Dredging the Carquinez to Accommodate Oil

[BenIndy Editor: Please come to the Pinole Public library on Nov. 13 at 6pm to protest the plan to increase dredging in the Bay.  More info and sign a petition at Sunflower Alliance.  If you can’t make it, download a comment form – or comment by email to SFBaytoStockton.PA@usace.army.mil.  – RS]

The Army Corps is deepening shipping channels to allow tankers access. The agency says it will clear the air. Environmentalists don’t agree.

The East Bay Express, by Jean Tepperman, Sept 11, 2019
The dredging will deepen a 13-mile stretch from San Pablo Bay to the four refineries along the Carquinez Strait. PHOTO COURTESY USGS

The federal government is preparing to deepen the shipping channels that serve four of the Bay Area’s five oil refineries. Because the channels are too shallow to accommodate fully loaded modern oil tankers, those ships travel to and from refineries only partly loaded, and sometimes wait for high tides before sailing. By reducing the number and duration of those trips, the project is likely to reduce diesel emissions affecting the already-polluted refinery communities along the Carquinez Strait. But environmentalists view it as a move to subsidize and expand oil production at a time when the future depends on ending the use of fossil fuels. And they predict it will actually increase air pollution by enabling an expansion of refinery production.

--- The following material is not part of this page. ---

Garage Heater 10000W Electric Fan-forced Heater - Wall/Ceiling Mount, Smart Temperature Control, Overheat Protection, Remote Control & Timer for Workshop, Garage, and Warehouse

The U.S. Army Corps of Engineers is gearing up to start the project, first authorized by Congress in 1965 and funded in 2012. The Army Corps currently maintains a 35-foot-deep shipping channel down the middle of the strait. The plan is to deepen it to 37 or 38 feet along a 13-mile stretch from the Bay to the refineries, three of which lie in northern Contra Costa County and one across the strait in Benicia.

That the project will primarily benefit the oil industry is not disputed. “The channels in the study area primarily serve crude oil imports and refined product exports to and from several oil refineries and two non-petroleum industries,” according to the Environment Impact Statement issued by the Army Corps in April. “Petroleum is the big economic driver” of the project, agreed project contact person Stu Townsley. Indeed, the Western States Petroleum Association is one partner in the project.

The Army Corps says deepening the channels will save between $7.6 and $11.3 million a year in shipping costs, savings that could be passed on to consumers. A comment letter on the project from the Center for Biological Diversity, Communities for a Better Environment, the Sierra Club, and other environmental organizations says, “In essence, the public is subsidizing the oil industry to ensure greater profit for private corporations.”

However, the Army Corps also argues that the project will provide environmental benefits. Agency economist Caitlin Bryant said her forecast predicts that the same volume of oil will be shipped with or without the project. If the ships involved are fully loaded, it will take fewer vessel trips to handle the same amount of oil, and tankers no longer will have to idle offshore waiting for high tide. Fewer trips and less idling time will mean less diesel pollution.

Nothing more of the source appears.